Rosenblum asked Morenci Miners Local 616 former president Angel Rodriguez to write a few words about why, alongside economic matters, his members belonged to the union:
“30 years ago on June 30, 1983, over 2,000 miners went on strike against the copper giant, Phelps Dodge (PD) Corporation at its Morenci, Ajo, Douglas and Bisbee operations and its refinery in El Paso, Texas. Copper miners at PD had gone on strike every three years. The general feeling among union leaders was optimism that in this round of negotiations we could avert a strike. The copper industry was feeling the effects of a slow economy and a market glut of copper worsened by foreign copper imports. According to the industry, the price of copper was not enough to cover the costs of producing the red metal and still make a profit. At the time, I had been President of Local Union 616 since 1977.

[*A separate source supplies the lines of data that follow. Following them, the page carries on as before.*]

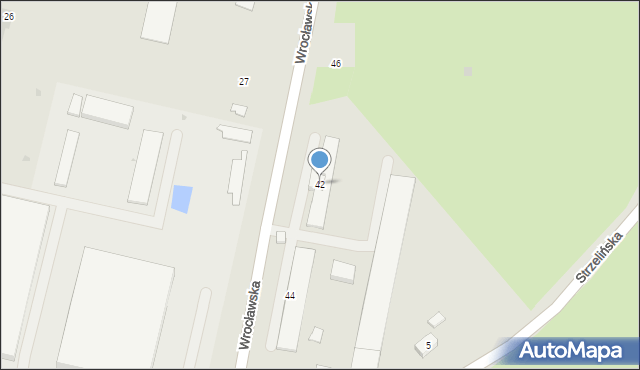 Ząbkowice Śląskie, Wrocławska, 42, mapa Ząbkowice Śląskie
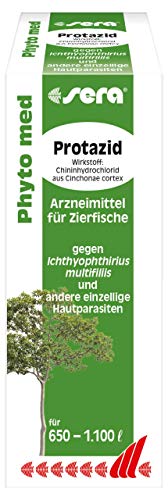 Sera Phyto Med Protazid medicamentos para Peces Ornamentales contra Ichthyofhirius multifiliis y Otros parásitos de la Piel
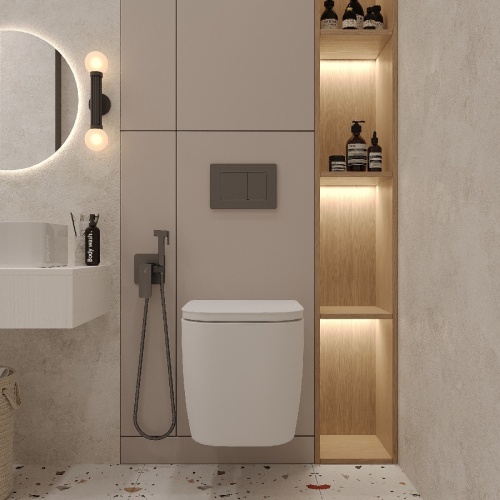 Комплект Oliveeka инсталляция OL-MQ-003 с унитазом OL-G1 и кнопкой OL-E12-BGM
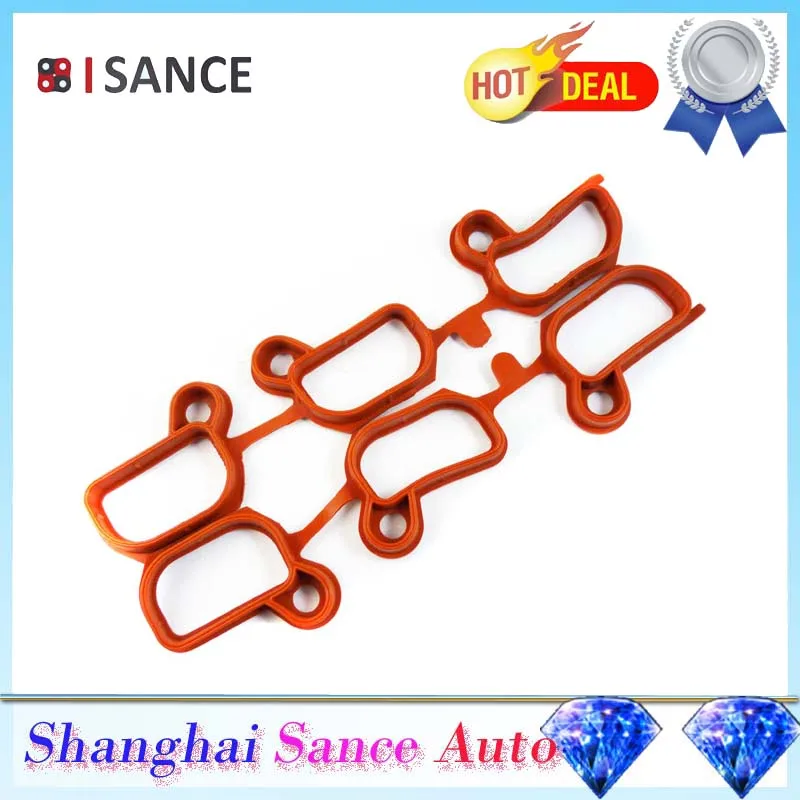 ISANCE Engine Intake Manifold Gasket Set 11611436631 For BMW E36 E46 E83 528i Z3 328i 323i 323Ci 328Ci325i 325Ci 330i 530i 325xi |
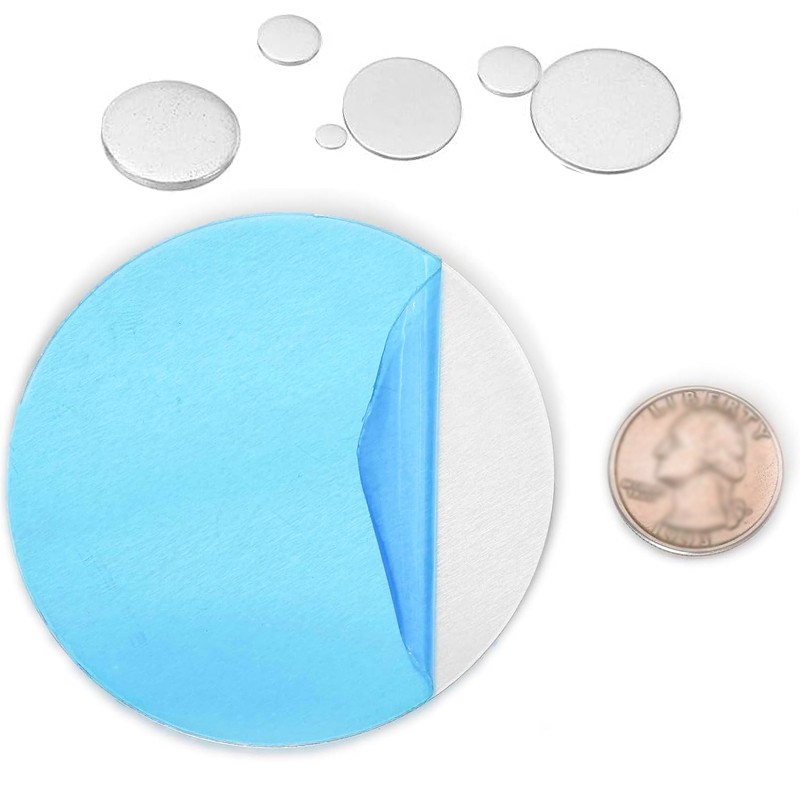 1pc 1060 Aluminum Disc Diameter 50-120mm Thickness 0.5-6mm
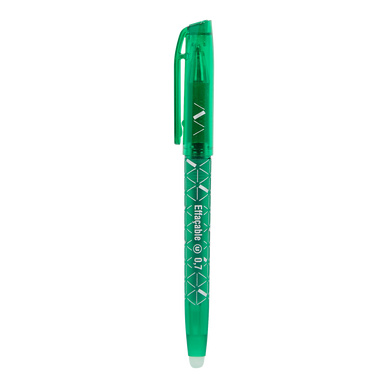 Stylo bille gel effaçable m 0,7mm vert sans emb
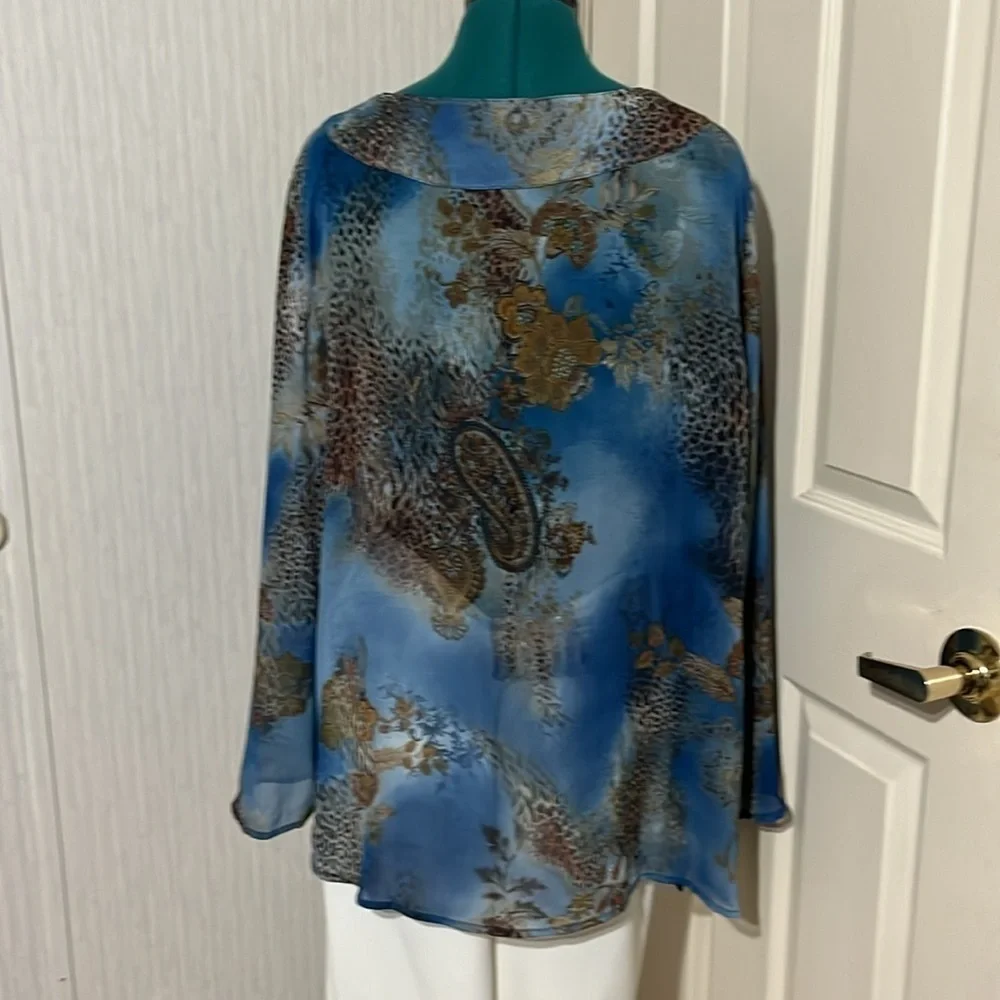 CHICO'S BLOUSE (229T)Posh Show $5.00 - Picture 4 of 7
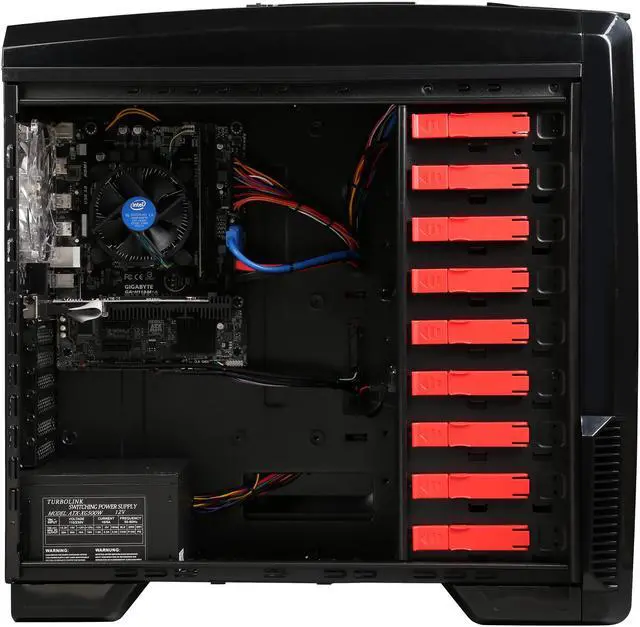 Alt view image 6 of 10 - CyberpowerPC Desktop Computer Gamer Xtreme S100 Intel Core i5 6500 (3.20 GHz) 4 GB DDR4 1 TB HDD NVIDIA Geforce GT 720 1 GB Windows 10 Home 64-Bit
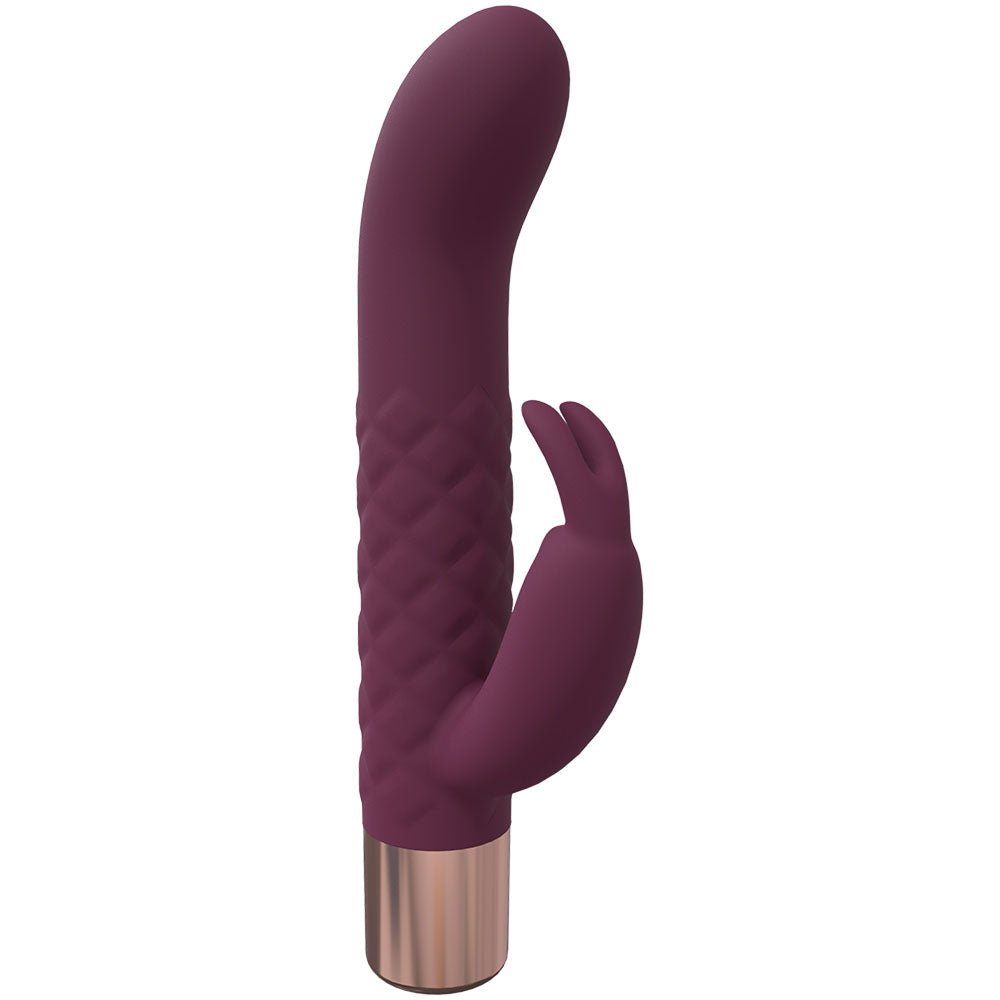 LOVELINE Devotion Burgundy 14.2 cm USB Rechargeable Rabbit Vibrator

The company was proposing to terminate the 1980-83 contract and all other agreements, settlements, letters of understanding, dating back to the 1950’s…The company’s proposals were an obstacle to any meaningful negotiations on any level as they were steadfast and unbending. They weren’t looking for concessions, they wanted total capitulation. Thinking back, this was one time where our unity worked against us. At the time, we were firm in our position that whatever pattern was set by one of the other copper companies, that would be the basis for a settlement not only for us, but all the other copper industry negotiations. . . . The company had hired scabs to replace us and eventually led them to petition for a decertification vote. Needless to say, all the unions overwhelmingly lost the election, After 32 months, strikers were placed on the preferential hiring list and eventually many were recalled and resumed working for the company without union representation. The strike was a bitter strike with striker on scab and scab on striker violence and police brutality. In short, the aftermath was a divided community where families and long-time childhood friends remained bitterly divided. A way of life was destroyed.”
Rodriguez underlined what that way of life had meant to the mining community, especially the political participation of Mexican Americans:
“The union became the vehicle for Mexican Americans to run for political office and win elections to city, county and school boards and in some cases, state offices. It instilled the value and importance of being registered and voting in elections to elect their supporters to public office. Membership in the union was an empowering experience that gave the miners and their families the ability to standup and fight for the right for their children to speak Spanish when not in class at school without being punished. They fought for the right to walk into the movie theater and sit in any area other than designated/segregated area. They fought for the right for their children to go to the swimming pool on any day of the week, not only on the day before the pool was to be drained, so the Anglo kids could go swimming in ‘clean’ water the following week. They were able to go bowling where previously that had been denied service at the bowling alley, unless they were working there. The union empowered the miners to desegregate the restaurants that didn’t serve ‘Mexicans’ and be served. The miners’ families fought for the right to use the public library in Morenci.
In the midst of the hardships on the miners and their families, they always found a way to alleviate their hardships by engaging in community events that entertained them and helped them mix the good with the bad. It strengthened their bond.
What workers could accomplish once they felt the power a union could bring them!”